Special Relativity

Length Contraction

The relative speed between two inertial reference frames, $v$, is the same in both frames. Think about the astronaut and astronomer in the light clock example from the previous chapter.

• The astronaut observes the astronomer moving at a constant speed, $v$.
• The astronomer observes the astronaut moving at a constant speed, $v$.
• The astronomer observes the elapsed time on the astronaut’s clock, $t^{\prime }$, to be dilated by the Lorentz factor, $\gamma$.

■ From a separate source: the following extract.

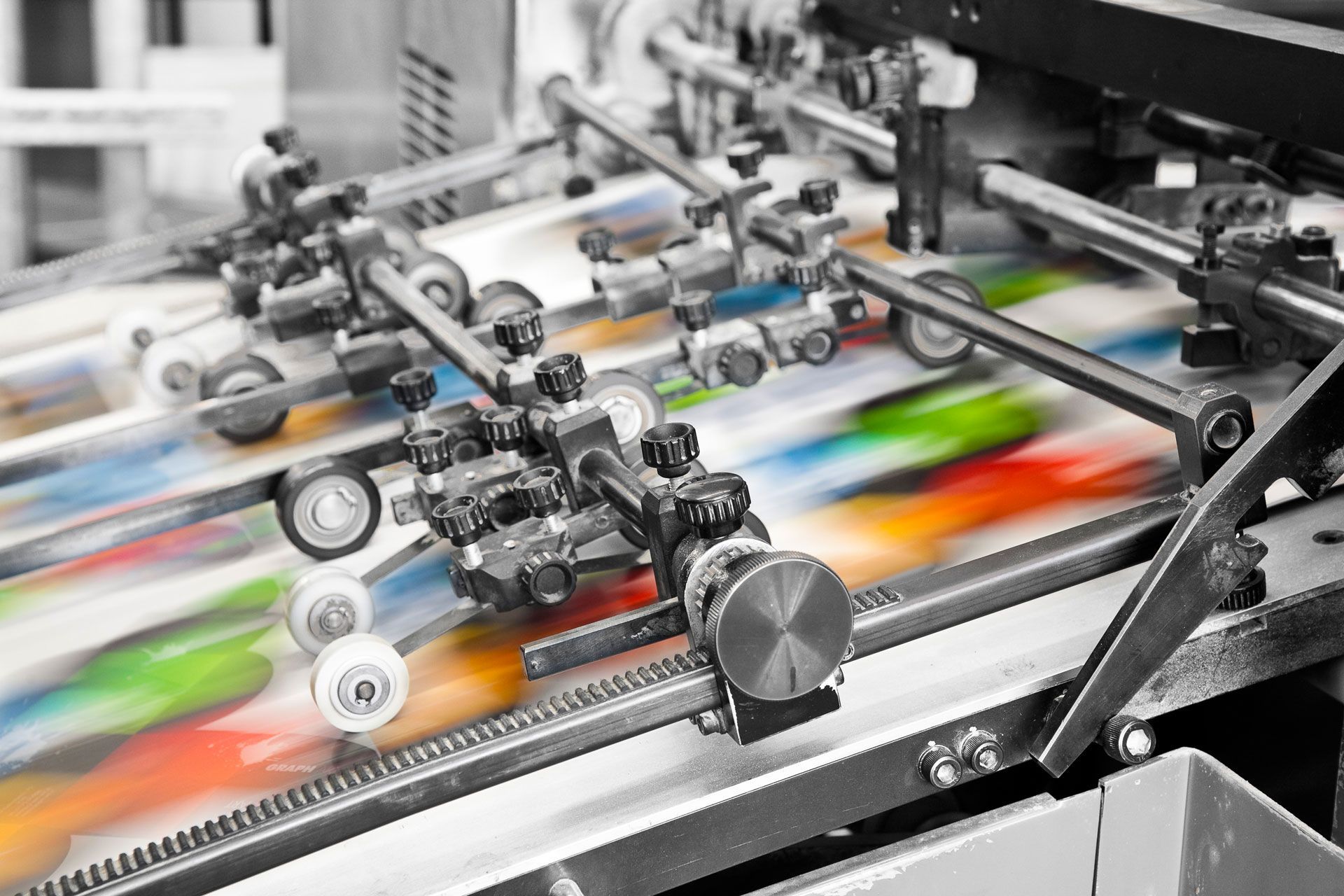 Presse à imprimer en fonctionnement, avec des images colorées qui défilent sur des tapis roulants.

Remember the definition of velocity, $v=x/t$. Since we know that the time interval $t$ is dilated by the Lorentz factor, $\gamma$, then the distance traveled by the astronaut, $x^{\prime }$, must also be stretched by $\gamma$ to keep the velocity constant.

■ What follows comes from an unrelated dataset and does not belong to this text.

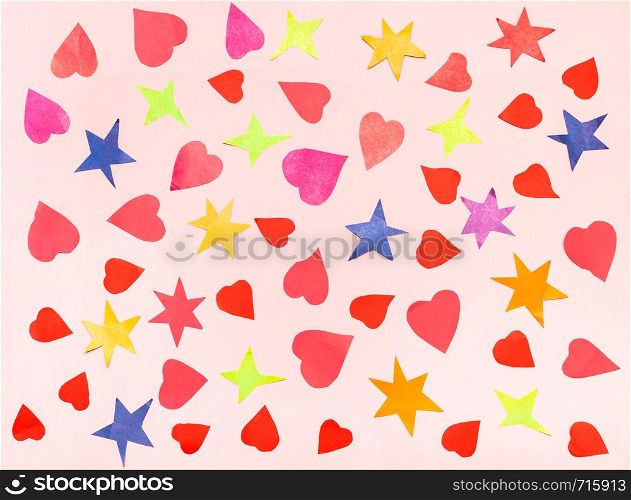 collage of various stars and hearts cut from color papers on pink pastel paper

$$\begin{gathered} v=x/t,v=x^{\prime }/t^{\prime },t=\gamma t^{\prime } \\ v=\frac{x}{t}=\frac{x^{\prime }}{t^{\prime }},\gamma =t/t^{\prime } \end{gathered}$$ $$x^{\prime }=\frac{x{t}^{\prime }}{t}=\frac{x}{\gamma }$$ $$x^{\prime }=x\sqrt{1-(\frac{v}{c}{)}^2}$$

For any velocity $v$ less than the speed of light, $c$, the length contraction factor is less than 1, meaning the length of the object in the moving frame is shorter than the length of the object in the stationary frame.